Dataset records:
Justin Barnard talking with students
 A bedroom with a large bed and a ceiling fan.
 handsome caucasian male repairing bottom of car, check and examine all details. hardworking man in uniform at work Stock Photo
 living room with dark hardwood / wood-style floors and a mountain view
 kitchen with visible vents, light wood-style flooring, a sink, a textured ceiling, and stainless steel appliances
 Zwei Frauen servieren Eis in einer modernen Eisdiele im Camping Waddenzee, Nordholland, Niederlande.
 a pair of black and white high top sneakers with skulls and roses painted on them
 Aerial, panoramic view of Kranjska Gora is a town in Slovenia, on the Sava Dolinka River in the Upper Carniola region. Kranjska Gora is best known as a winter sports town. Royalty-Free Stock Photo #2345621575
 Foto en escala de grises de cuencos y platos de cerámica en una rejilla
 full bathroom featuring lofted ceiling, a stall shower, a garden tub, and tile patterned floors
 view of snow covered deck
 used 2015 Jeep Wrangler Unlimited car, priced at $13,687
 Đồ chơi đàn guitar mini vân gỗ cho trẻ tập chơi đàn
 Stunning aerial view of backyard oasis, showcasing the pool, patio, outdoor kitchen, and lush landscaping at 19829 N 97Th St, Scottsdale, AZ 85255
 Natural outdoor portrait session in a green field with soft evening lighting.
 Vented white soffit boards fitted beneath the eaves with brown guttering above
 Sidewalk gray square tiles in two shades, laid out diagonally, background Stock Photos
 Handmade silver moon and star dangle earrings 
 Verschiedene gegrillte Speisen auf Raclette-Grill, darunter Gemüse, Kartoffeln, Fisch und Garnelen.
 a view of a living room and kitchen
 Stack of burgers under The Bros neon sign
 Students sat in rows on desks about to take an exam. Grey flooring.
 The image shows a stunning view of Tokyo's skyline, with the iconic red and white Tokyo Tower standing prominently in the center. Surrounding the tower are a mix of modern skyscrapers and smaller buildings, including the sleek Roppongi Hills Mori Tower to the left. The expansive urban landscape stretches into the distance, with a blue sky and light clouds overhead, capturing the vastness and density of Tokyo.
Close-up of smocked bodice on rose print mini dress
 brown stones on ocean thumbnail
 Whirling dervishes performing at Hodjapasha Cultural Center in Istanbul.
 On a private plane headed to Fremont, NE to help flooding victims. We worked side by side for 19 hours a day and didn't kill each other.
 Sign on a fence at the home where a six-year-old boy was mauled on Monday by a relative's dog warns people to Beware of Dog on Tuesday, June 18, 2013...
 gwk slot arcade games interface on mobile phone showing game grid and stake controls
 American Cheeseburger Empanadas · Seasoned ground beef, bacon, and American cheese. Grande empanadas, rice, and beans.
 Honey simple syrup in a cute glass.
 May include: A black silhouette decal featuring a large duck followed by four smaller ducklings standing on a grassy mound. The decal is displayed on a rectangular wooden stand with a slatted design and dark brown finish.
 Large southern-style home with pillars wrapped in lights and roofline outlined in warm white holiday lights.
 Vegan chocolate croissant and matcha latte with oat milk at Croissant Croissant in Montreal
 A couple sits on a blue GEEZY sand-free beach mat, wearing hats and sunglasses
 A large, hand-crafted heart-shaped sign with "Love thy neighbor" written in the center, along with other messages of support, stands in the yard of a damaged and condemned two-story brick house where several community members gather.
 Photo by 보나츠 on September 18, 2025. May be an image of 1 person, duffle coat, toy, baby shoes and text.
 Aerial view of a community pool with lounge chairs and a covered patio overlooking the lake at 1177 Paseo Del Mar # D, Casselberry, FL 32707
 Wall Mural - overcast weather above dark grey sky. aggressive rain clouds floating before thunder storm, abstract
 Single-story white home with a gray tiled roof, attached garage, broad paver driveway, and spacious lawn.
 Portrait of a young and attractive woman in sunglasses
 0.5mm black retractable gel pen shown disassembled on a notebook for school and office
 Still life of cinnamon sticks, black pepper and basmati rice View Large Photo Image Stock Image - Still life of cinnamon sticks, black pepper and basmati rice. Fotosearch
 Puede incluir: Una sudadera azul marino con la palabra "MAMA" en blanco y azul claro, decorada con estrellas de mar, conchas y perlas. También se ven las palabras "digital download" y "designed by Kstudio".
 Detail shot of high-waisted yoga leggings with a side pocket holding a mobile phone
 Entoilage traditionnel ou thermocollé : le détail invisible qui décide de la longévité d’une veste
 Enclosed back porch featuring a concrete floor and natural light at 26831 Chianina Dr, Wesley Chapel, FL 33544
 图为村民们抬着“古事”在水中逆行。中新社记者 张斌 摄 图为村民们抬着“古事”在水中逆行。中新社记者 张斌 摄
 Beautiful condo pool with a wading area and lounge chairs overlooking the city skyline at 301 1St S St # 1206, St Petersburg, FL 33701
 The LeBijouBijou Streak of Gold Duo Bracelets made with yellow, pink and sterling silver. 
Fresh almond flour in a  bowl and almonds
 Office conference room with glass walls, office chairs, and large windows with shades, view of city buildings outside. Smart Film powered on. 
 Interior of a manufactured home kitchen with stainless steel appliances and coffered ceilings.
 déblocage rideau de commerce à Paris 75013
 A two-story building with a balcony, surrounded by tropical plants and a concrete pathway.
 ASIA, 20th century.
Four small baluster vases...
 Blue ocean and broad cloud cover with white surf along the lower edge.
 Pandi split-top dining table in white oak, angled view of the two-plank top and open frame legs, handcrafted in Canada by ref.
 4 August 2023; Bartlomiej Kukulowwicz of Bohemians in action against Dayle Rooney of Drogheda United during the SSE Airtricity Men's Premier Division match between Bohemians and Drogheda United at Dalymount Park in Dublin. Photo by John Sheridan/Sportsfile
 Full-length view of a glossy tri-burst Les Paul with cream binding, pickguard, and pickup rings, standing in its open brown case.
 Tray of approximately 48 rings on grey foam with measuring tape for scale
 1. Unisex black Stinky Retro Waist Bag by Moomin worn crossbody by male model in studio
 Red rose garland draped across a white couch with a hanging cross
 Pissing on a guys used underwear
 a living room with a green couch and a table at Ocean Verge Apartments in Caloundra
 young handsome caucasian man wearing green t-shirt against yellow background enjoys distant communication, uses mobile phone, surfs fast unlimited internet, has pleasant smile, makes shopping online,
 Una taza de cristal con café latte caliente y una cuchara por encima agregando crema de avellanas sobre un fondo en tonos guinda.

What you are asked to do:
Reproduce every line above. Keep it exact.

Output of the exercise:
Justin Barnard talking with students
 A bedroom with a large bed and a ceiling fan.
 handsome caucasian male repairing bottom of car, check and examine all details. hardworking man in uniform at work Stock Photo
 living room with dark hardwood / wood-style floors and a mountain view
 kitchen with visible vents, light wood-style flooring, a sink, a textured ceiling, and stainless steel appliances
 Zwei Frauen servieren Eis in einer modernen Eisdiele im Camping Waddenzee, Nordholland, Niederlande.
 a pair of black and white high top sneakers with skulls and roses painted on them
 Aerial, panoramic view of Kranjska Gora is a town in Slovenia, on the Sava Dolinka River in the Upper Carniola region. Kranjska Gora is best known as a winter sports town. Royalty-Free Stock Photo #2345621575
 Foto en escala de grises de cuencos y platos de cerámica en una rejilla
 full bathroom featuring lofted ceiling, a stall shower, a garden tub, and tile patterned floors
 view of snow covered deck
 used 2015 Jeep Wrangler Unlimited car, priced at $13,687
 Đồ chơi đàn guitar mini vân gỗ cho trẻ tập chơi đàn
 Stunning aerial view of backyard oasis, showcasing the pool, patio, outdoor kitchen, and lush landscaping at 19829 N 97Th St, Scottsdale, AZ 85255
 Natural outdoor portrait session in a green field with soft evening lighting.
 Vented white soffit boards fitted beneath the eaves with brown guttering above
 Sidewalk gray square tiles in two shades, laid out diagonally, background Stock Photos
 Handmade silver moon and star dangle earrings 
 Verschiedene gegrillte Speisen auf Raclette-Grill, darunter Gemüse, Kartoffeln, Fisch und Garnelen.
 a view of a living room and kitchen
 Stack of burgers under The Bros neon sign
 Students sat in rows on desks about to take an exam. Grey flooring.
 The image shows a stunning view of Tokyo's skyline, with the iconic red and white Tokyo Tower standing prominently in the center. Surrounding the tower are a mix of modern skyscrapers and smaller buildings, including the sleek Roppongi Hills Mori Tower to the left. The expansive urban landscape stretches into the distance, with a blue sky and light clouds overhead, capturing the vastness and density of Tokyo.
Close-up of smocked bodice on rose print mini dress
 brown stones on ocean thumbnail
 Whirling dervishes performing at Hodjapasha Cultural Center in Istanbul.
 On a private plane headed to Fremont, NE to help flooding victims. We worked side by side for 19 hours a day and didn't kill each other.
 Sign on a fence at the home where a six-year-old boy was mauled on Monday by a relative's dog warns people to Beware of Dog on Tuesday, June 18, 2013...
 gwk slot arcade games interface on mobile phone showing game grid and stake controls
 American Cheeseburger Empanadas · Seasoned ground beef, bacon, and American cheese. Grande empanadas, rice, and beans.
 Honey simple syrup in a cute glass.
 May include: A black silhouette decal featuring a large duck followed by four smaller ducklings standing on a grassy mound. The decal is displayed on a rectangular wooden stand with a slatted design and dark brown finish.
 Large southern-style home with pillars wrapped in lights and roofline outlined in warm white holiday lights.
 Vegan chocolate croissant and matcha latte with oat milk at Croissant Croissant in Montreal
 A couple sits on a blue GEEZY sand-free beach mat, wearing hats and sunglasses
 A large, hand-crafted heart-shaped sign with "Love thy neighbor" written in the center, along with other messages of support, stands in the yard of a damaged and condemned two-story brick house where several community members gather.
 Photo by 보나츠 on September 18, 2025. May be an image of 1 person, duffle coat, toy, baby shoes and text.
 Aerial view of a community pool with lounge chairs and a covered patio overlooking the lake at 1177 Paseo Del Mar # D, Casselberry, FL 32707
 Wall Mural - overcast weather above dark grey sky. aggressive rain clouds floating before thunder storm, abstract
 Single-story white home with a gray tiled roof, attached garage, broad paver driveway, and spacious lawn.
 Portrait of a young and attractive woman in sunglasses
 0.5mm black retractable gel pen shown disassembled on a notebook for school and office
 Still life of cinnamon sticks, black pepper and basmati rice View Large Photo Image Stock Image - Still life of cinnamon sticks, black pepper and basmati rice. Fotosearch
 Puede incluir: Una sudadera azul marino con la palabra "MAMA" en blanco y azul claro, decorada con estrellas de mar, conchas y perlas. También se ven las palabras "digital download" y "designed by Kstudio".
 Detail shot of high-waisted yoga leggings with a side pocket holding a mobile phone
 Entoilage traditionnel ou thermocollé : le détail invisible qui décide de la longévité d’une veste
 Enclosed back porch featuring a concrete floor and natural light at 26831 Chianina Dr, Wesley Chapel, FL 33544
 图为村民们抬着“古事”在水中逆行。中新社记者 张斌 摄 图为村民们抬着“古事”在水中逆行。中新社记者 张斌 摄
 Beautiful condo pool with a wading area and lounge chairs overlooking the city skyline at 301 1St S St # 1206, St Petersburg, FL 33701
 The LeBijouBijou Streak of Gold Duo Bracelets made with yellow, pink and sterling silver. 
Fresh almond flour in a  bowl and almonds
 Office conference room with glass walls, office chairs, and large windows with shades, view of city buildings outside. Smart Film powered on. 
 Interior of a manufactured home kitchen with stainless steel appliances and coffered ceilings.
 déblocage rideau de commerce à Paris 75013
 A two-story building with a balcony, surrounded by tropical plants and a concrete pathway.
 ASIA, 20th century.
Four small baluster vases...
 Blue ocean and broad cloud cover with white surf along the lower edge.
 Pandi split-top dining table in white oak, angled view of the two-plank top and open frame legs, handcrafted in Canada by ref.
 4 August 2023; Bartlomiej Kukulowwicz of Bohemians in action against Dayle Rooney of Drogheda United during the SSE Airtricity Men's Premier Division match between Bohemians and Drogheda United at Dalymount Park in Dublin. Photo by John Sheridan/Sportsfile
 Full-length view of a glossy tri-burst Les Paul with cream binding, pickguard, and pickup rings, standing in its open brown case.
 Tray of approximately 48 rings on grey foam with measuring tape for scale
 1. Unisex black Stinky Retro Waist Bag by Moomin worn crossbody by male model in studio
 Red rose garland draped across a white couch with a hanging cross
 Pissing on a guys used underwear
 a living room with a green couch and a table at Ocean Verge Apartments in Caloundra
 young handsome caucasian man wearing green t-shirt against yellow background enjoys distant communication, uses mobile phone, surfs fast unlimited internet, has pleasant smile, makes shopping online,
 Una taza de cristal con café latte caliente y una cuchara por encima agregando crema de avellanas sobre un fondo en tonos guinda.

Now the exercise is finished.